**To do**
Provide an exact copy of the data, excluding the images.

**Dataset section**
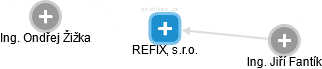 REFIX, s.r.o. - náhled vizuálního zobrazení vztahů obchodního rejstříku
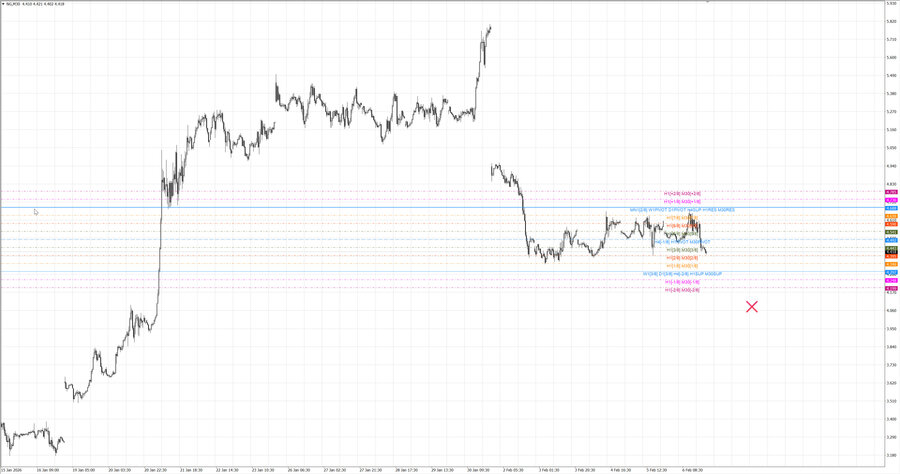 fact Натуральный Газ m30 07-27 02.02.26.jpg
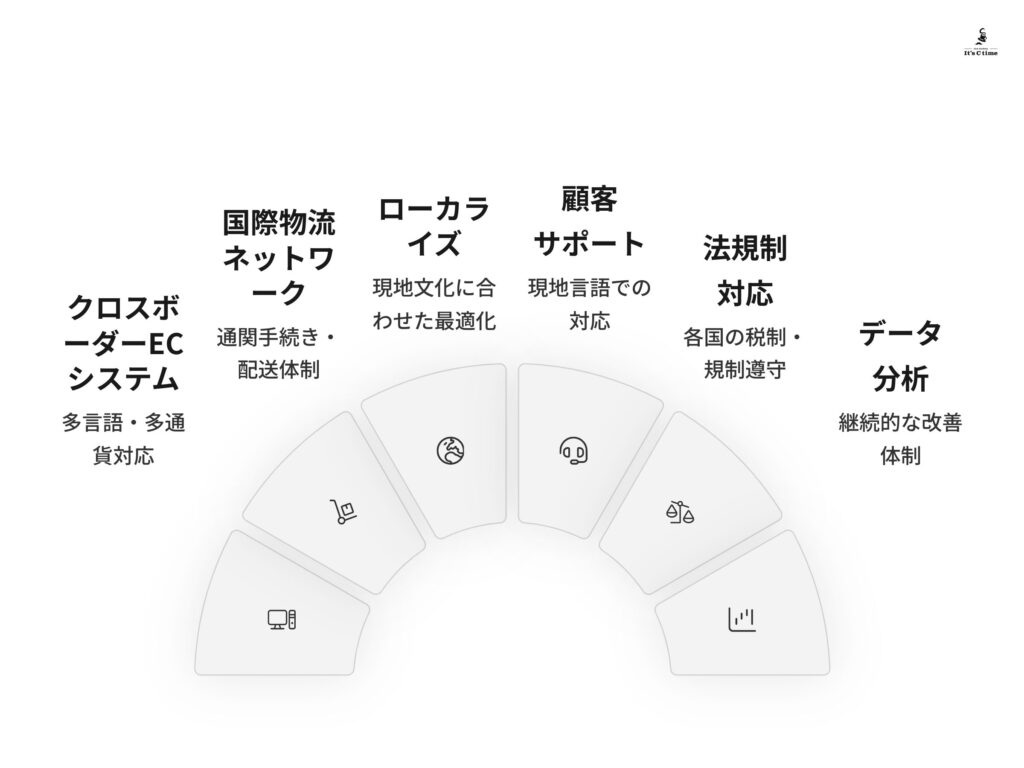 ECの海外展開に不可欠なグローバル基盤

**The completed task**
 REFIX, s.r.o. - náhled vizuálního zobrazení vztahů obchodního rejstříku
 fact Натуральный Газ m30 07-27 02.02.26.jpg
 ECの海外展開に不可欠なグローバル基盤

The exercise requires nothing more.